YOUR OBJECTIVE> Begin your copy at the line with "Charcoal Ditsy Floral" in the records below and end it at the line with "Heavy Duty Folding", restating each line word for word; omit the pictures.
___ PROVIDED DATA ___
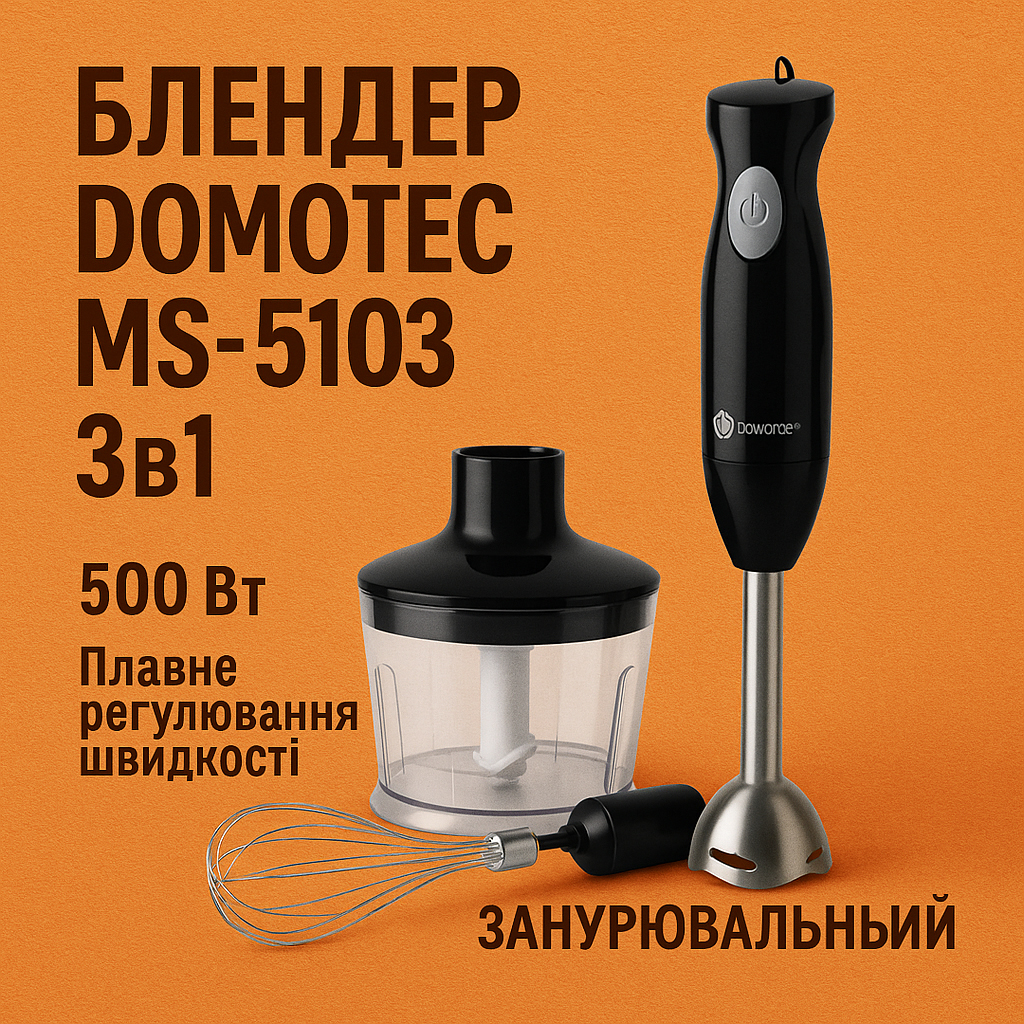 Блендер DOMOTEC MS-5103 3в1 погружной 500Вт ручной погружной блендер, электрический блендер - Зображення 50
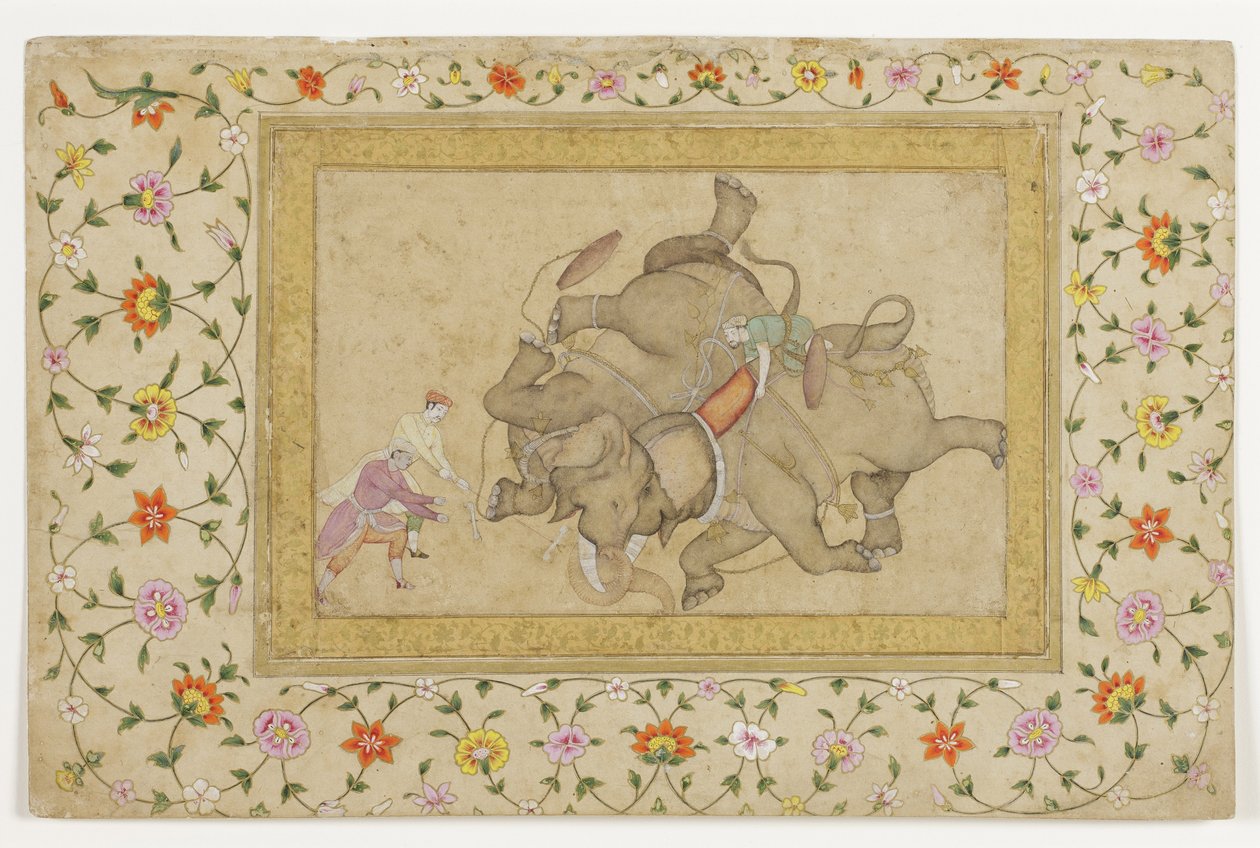 Ein Elefantenkampf mit floraler Arabeskenbordüre von Indian School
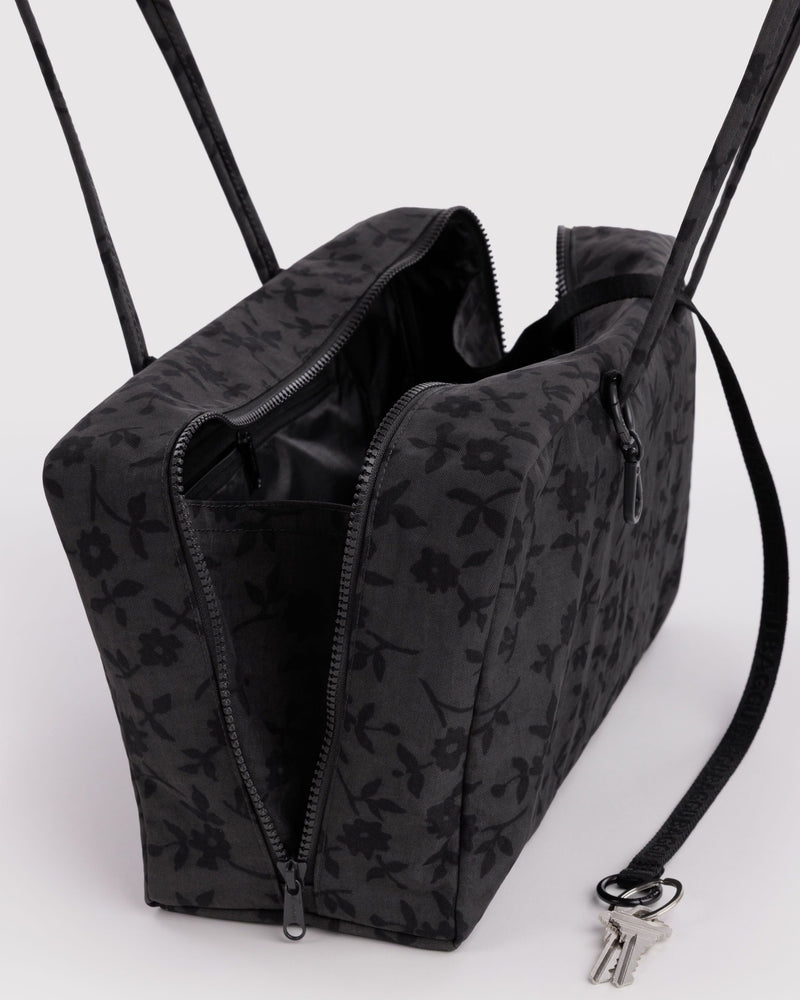 BAGGU Wholesale  Medium Nylon Bowler Bag - Charcoal Ditsy Floral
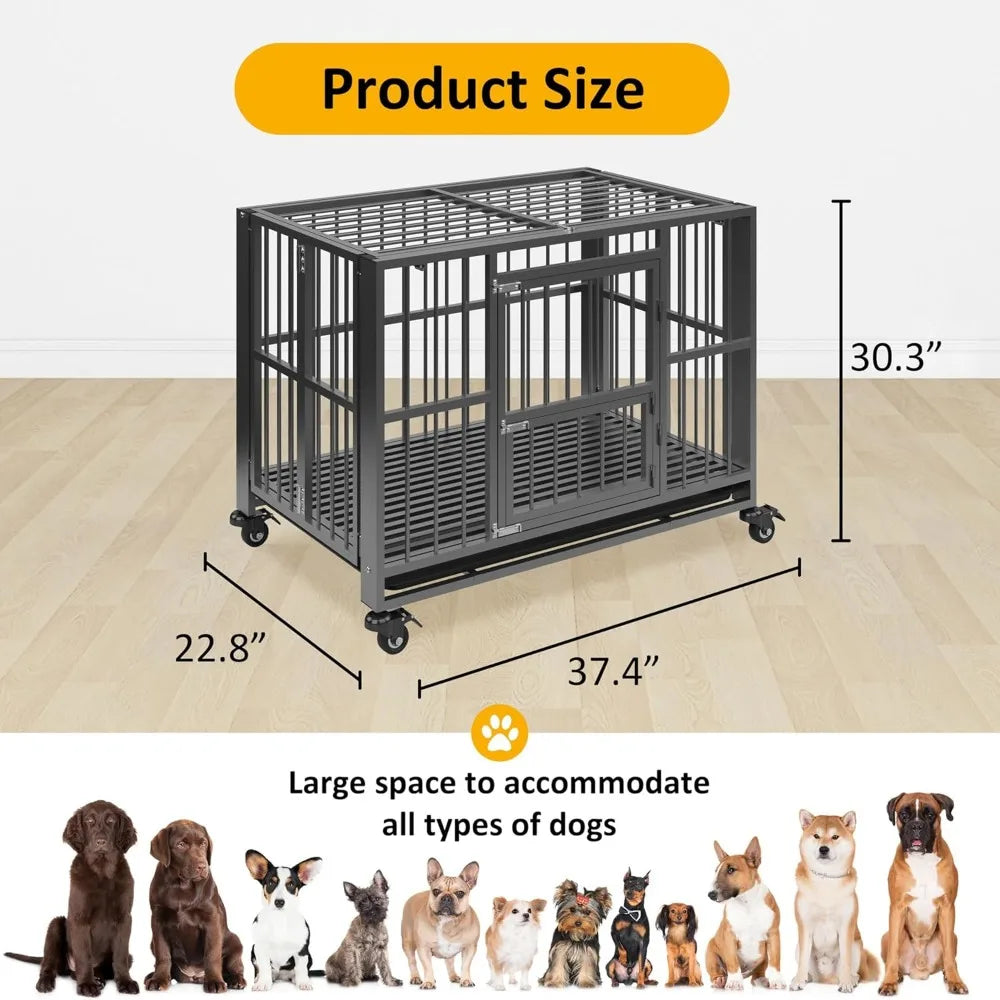 Heavy Duty Folding Dog Kennel, W/Lockable Wheels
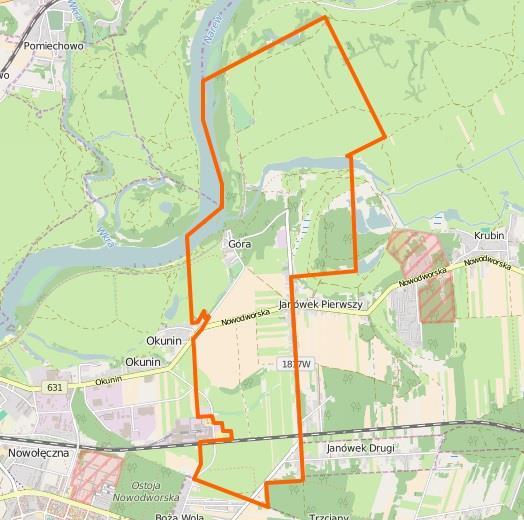 Rysunek 33 Obszar wybrany przez respondentów do rewitalizacji. Źródło: https://www.openstreetmap.org. Respondenci biorący udział w badaniu zostali zapytani o związki z obszarem rewitalizacji.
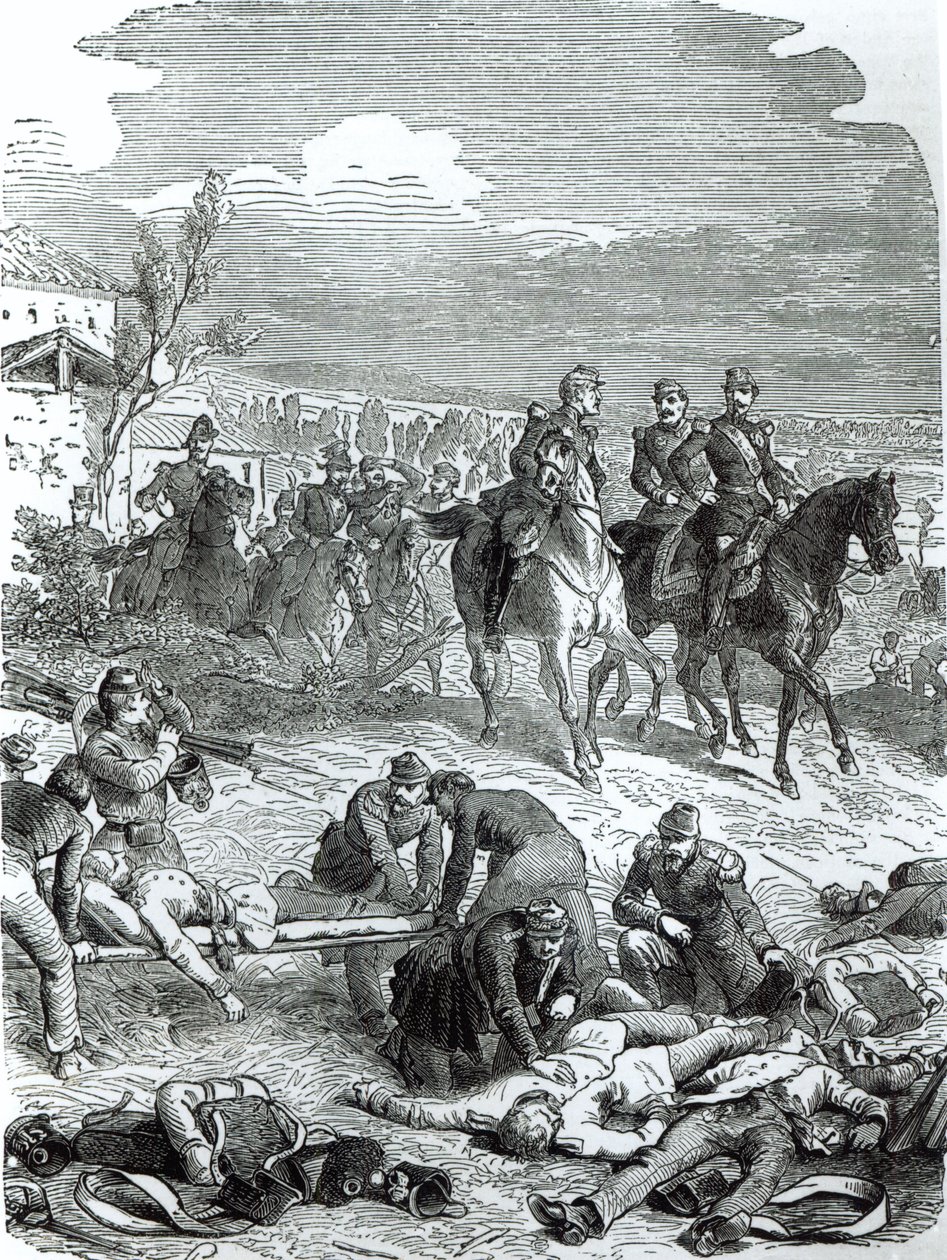 Der Kaiser Napoleon III. auf dem Schlachtfeld von Solferino, 24. Juni 1859 von English School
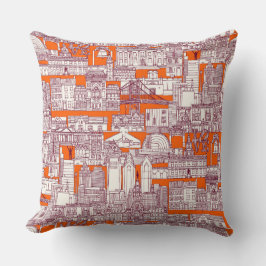 Almofada Philadelphia toile hot orange claret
___
SOLUTION TO THIS EXERCISE>
 BAGGU Wholesale  Medium Nylon Bowler Bag - Charcoal Ditsy Floral
 Heavy Duty Folding Dog Kennel, W/Lockable Wheels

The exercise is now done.